*** Opening of Material supplied ***

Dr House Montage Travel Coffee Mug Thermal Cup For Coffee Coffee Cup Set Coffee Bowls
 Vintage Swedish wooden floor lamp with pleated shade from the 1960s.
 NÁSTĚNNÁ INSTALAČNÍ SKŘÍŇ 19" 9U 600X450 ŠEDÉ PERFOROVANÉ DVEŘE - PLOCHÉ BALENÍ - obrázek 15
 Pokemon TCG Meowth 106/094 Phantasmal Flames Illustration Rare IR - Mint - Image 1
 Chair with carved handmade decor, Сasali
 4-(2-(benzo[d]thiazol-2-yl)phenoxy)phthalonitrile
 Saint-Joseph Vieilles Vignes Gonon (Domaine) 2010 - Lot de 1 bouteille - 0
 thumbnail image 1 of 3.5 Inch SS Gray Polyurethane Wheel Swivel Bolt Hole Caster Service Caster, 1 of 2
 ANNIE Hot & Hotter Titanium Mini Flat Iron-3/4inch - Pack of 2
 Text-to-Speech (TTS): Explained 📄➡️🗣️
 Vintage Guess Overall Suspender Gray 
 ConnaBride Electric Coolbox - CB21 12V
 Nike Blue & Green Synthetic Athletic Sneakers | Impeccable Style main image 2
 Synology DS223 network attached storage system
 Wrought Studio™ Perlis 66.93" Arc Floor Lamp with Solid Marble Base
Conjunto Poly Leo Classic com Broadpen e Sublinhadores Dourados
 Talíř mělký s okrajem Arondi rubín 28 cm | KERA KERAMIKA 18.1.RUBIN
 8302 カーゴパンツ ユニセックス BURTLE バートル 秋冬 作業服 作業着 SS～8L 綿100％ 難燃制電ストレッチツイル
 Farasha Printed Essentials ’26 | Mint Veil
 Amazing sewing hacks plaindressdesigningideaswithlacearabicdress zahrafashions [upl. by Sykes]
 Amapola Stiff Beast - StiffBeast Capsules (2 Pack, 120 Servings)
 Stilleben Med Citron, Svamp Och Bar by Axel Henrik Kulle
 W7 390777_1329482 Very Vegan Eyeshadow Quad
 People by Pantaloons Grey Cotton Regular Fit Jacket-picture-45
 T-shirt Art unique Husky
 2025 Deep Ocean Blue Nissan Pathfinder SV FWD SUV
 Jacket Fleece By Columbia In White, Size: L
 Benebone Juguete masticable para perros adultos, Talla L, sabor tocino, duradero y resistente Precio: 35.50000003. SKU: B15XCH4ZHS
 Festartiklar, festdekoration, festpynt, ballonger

*** Close of Material supplied ***

» **What is expected**
Reading through the preceding records, tally each line that holds the word "Pack" and give the tally by itself.

» **Result of the task**
2